—Не выношу рамок. Они меня душат. Представьте себе, что мне говорят „отсюда до сюда", а я хочу как раз оттуда. Скандал.
У меня руки связаны, а я по натуре бродяга, самый настоящий. Но видно Бог надо мной сжалился и с 1915 года был сформирован Кубанский партизанский отряд. Вот туть-то я и увидел Божий свет.
Вы понимаете, полная свобода действий, в моих руках инициатива. Я подобрал себе лихих ребят и то-то уж и выкрутасы заворачивал, любо—дорого. Немало крови было испорчено австриякам.
Через некоторое время начальству понравились партитизаны, сформировалось еще два отряда и все они под моим начальством были приданы к корпусу графа Келлера.
Между прочим, наш донской партизан есаул Василий Чернецов состоял у меня младшим офицером.
Эх, и лихой же был парняга!
После переворота и прочих неприятностей мне пришлось самоопределиться на Кубань, а оттуда опять потянуло на волюшку вольную.
Отправился в Персию, к генералу Баратову и не пожалел. Там поле деятельности для меня предоставилось самое широкое, но скоро и в Персии „похужело".
Началось „без аннексий и контрибуций“ и все, что только могло и хотело стало "драть" с фронта и от моего отряда в 1000 человек осталось всего человек 80.
Прослышал про разруху на Кубани и при поддержке англичан стал собираться туда, но „товарищи" не пропускали.

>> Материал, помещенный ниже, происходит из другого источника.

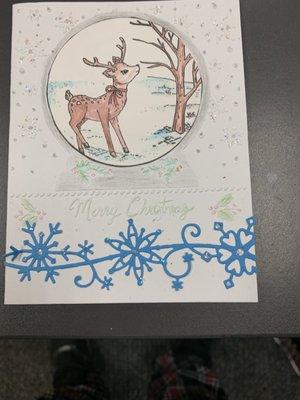 A Christmas card that combines color pencils with a die cut and embossed design.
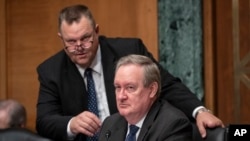 Senate Banking Committee Chairman Mike Crapo, R-Idaho, center, joined at left by Sen. Jon Tester, D-Mont., listens during a hearing on U.S. economic sanctions against Russia and whether the actions are effective, on Capitol Hill, Aug. 21, 2018. 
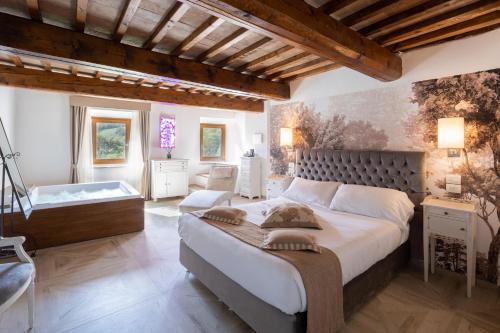 a bedroom with a large bed and a bath tub at Il Castelluccio Country Resort Restaurant & SPA in Barberino di Mugello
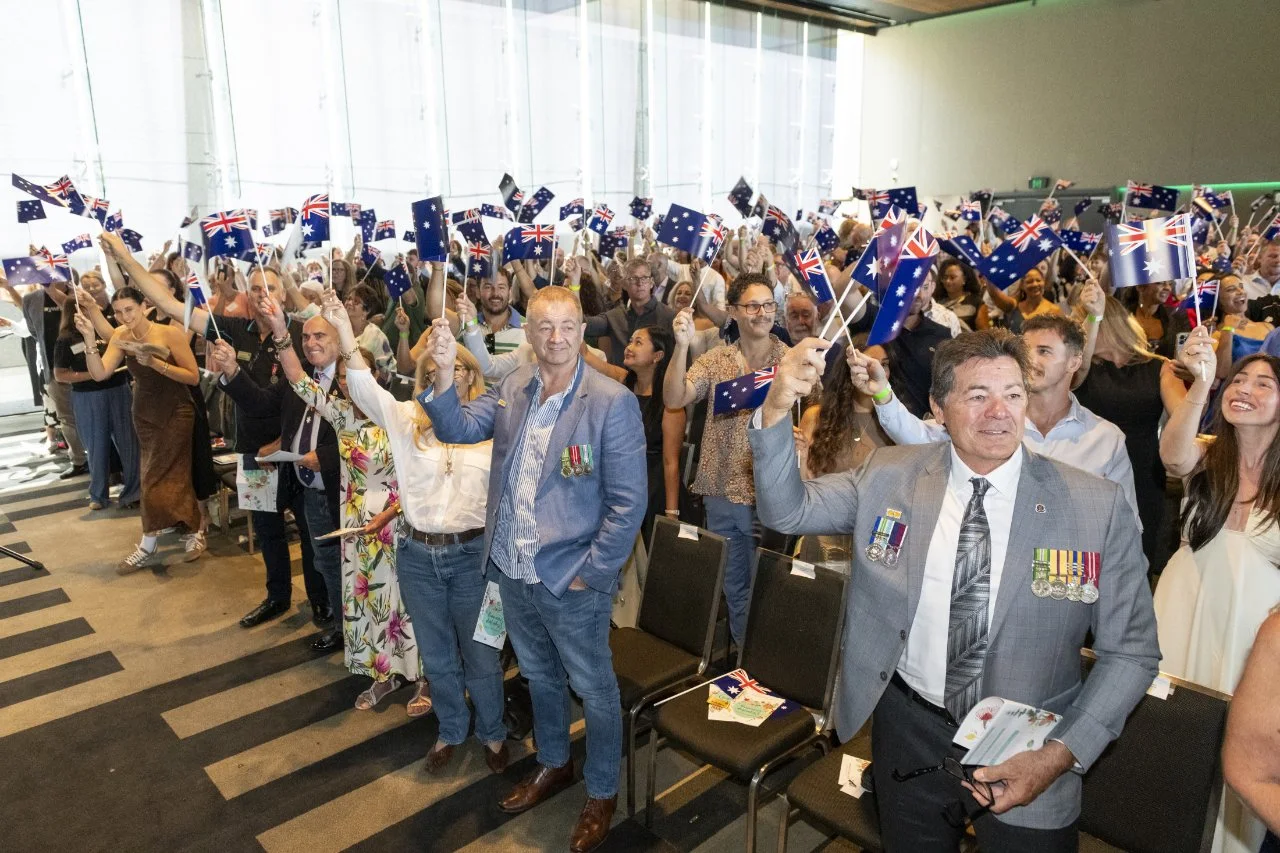 australia day ceremony waving flags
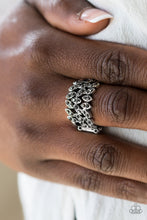 Load image into Gallery viewer, Sprinkled in glittery hematite rhinestones, the leafy silver frame vines across the finger, coalescing into a thick band. Features a stretchy band for a flexible fit.  Sold as one individual ring.  Always nickel and lead free.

Генерал Баратов отдал приказ расформировать отряд, но мои ребята не согласились расходиться и пошли вместе со мной бродяжничать по обходным путям.

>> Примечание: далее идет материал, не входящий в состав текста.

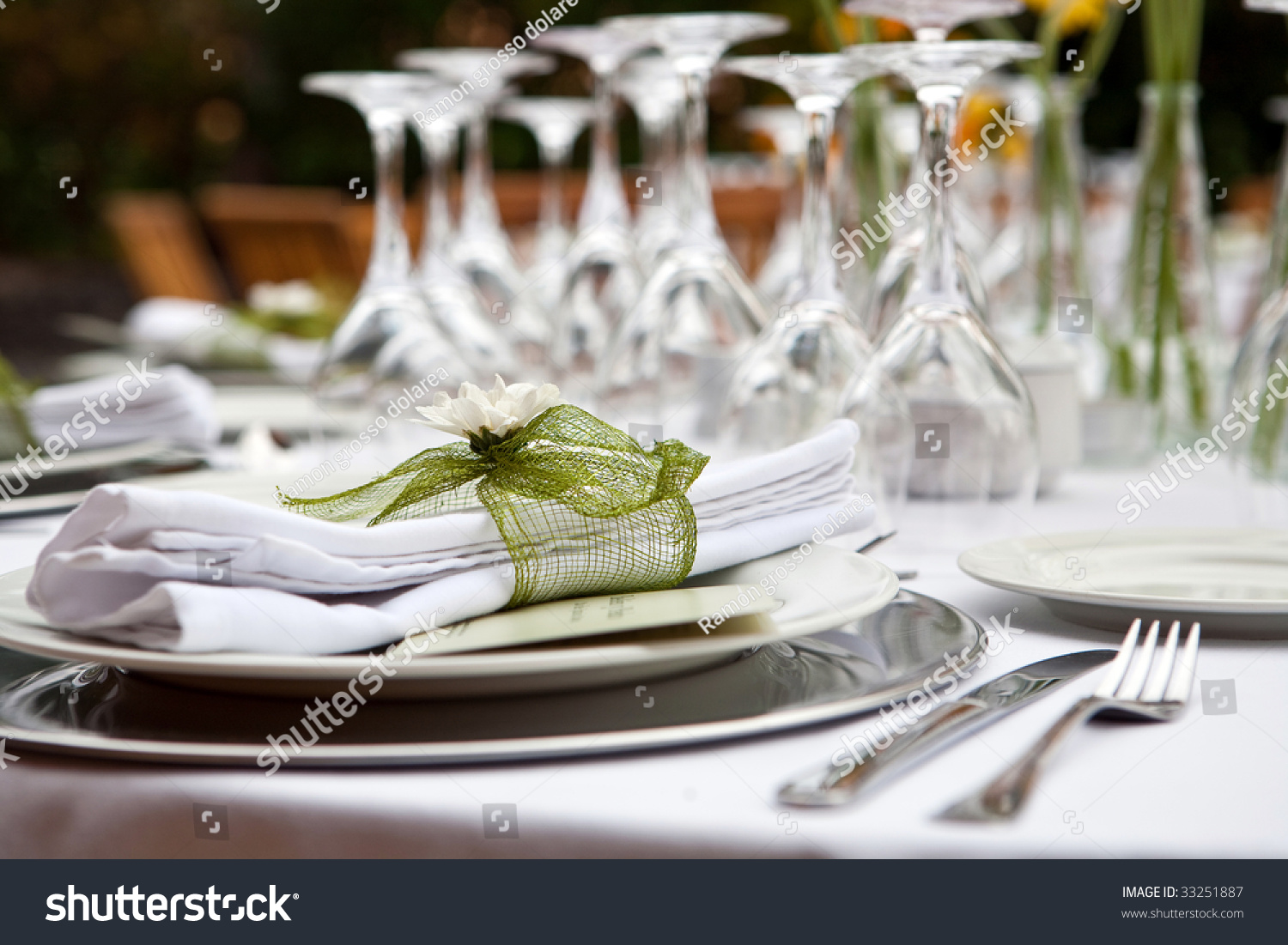 Table setting for a wedding or dinner event with flowers #33251887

Через весь Терек прошел с боем, а около Минеральных Вод пришлось распустить отряд и самому уехать в Кисловодск.
Жил себе там тихо и мирно, но с апреля меня стали посещать казаки, а это повело к моему аресту.

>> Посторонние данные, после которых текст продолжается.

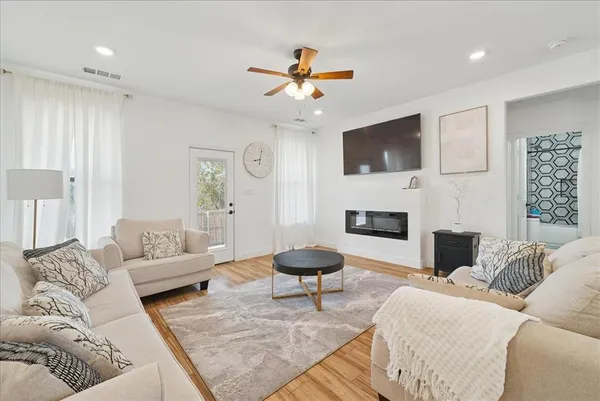 a living room with furniture a flat screen tv and a fireplace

Посадили в тюрьму и, по слухам, спустили бы там с меня шкуру, да фамилия спасла.
Был у большевиков матрос Шкура, тоже сидевший в то время в тюрьме и вот, через несколько дней после моего ареста, вышел приказ освободить Шкуру.
Я отозвался меня и выпустили; понятно, что в ту же ночь я „драпнул" в горы. На другой день меня, говорят, искали и телеграфировали во все концы, да как же, ищи ветра в поле.
Добрался до леса около Бекешевской станицы и почти моментально набрал отряд 5 офицеров, да 6 казаков. На отряд 4 винтовки. Стал делать налеты на хутора и станицы и попросту грабил их, главным образом, конечно, оружие, а в конце мая объявил в станице Суворовской мобилизацию.
Когда у меня набралось согни две, я наскочил на Кисловодск. Вот то мы поживились и оружием и снаряжением и прочим добром.
Через некоторое время ко мне присоединился Лабинский отряд подъесаула Солодкого и скоро у меня получился отряд в 10 тысяч человек.
Тут уже я обнаглел и решил прорваться к добровольческой армии через Ставропольскую губернию.
Подошёл к Ставрополю и послал телеграмму, чтобы город сдался иначе разгромлю. Сдали дураки, а у меня и пушек порядочных не было, все больше деревянные для „психологии".
Оборонял Ставрополь месяц, а потом, передав оборону его полковнику Улагаю с 4-мя сотнями прорвался в Баталпашинский Отдел и вскоре там сформировал 7 казачьих полков, 4 горских и бригаду пластунов и тут уже у меня получился фронт на 220 верст, который держал 2 1/2 месяца, т. е. до соединения с добровольческой армией.
Патроны сами набивали, а действовали все больше шашками.
Большевики, по правде говоря, бояться меня стали, а бабье таки прямо чудеса стало рассказывать обо мне.
— Расстегнуле это, говорит, Шкуро черкеску, а пули из-под нее так и посыпались. Не берет его пуля, потому он слово такое знает.—Понятно я не стал разуверять их.
Да-с, повоевали. Всю Кубань, можно сказать, на брюхе исползал.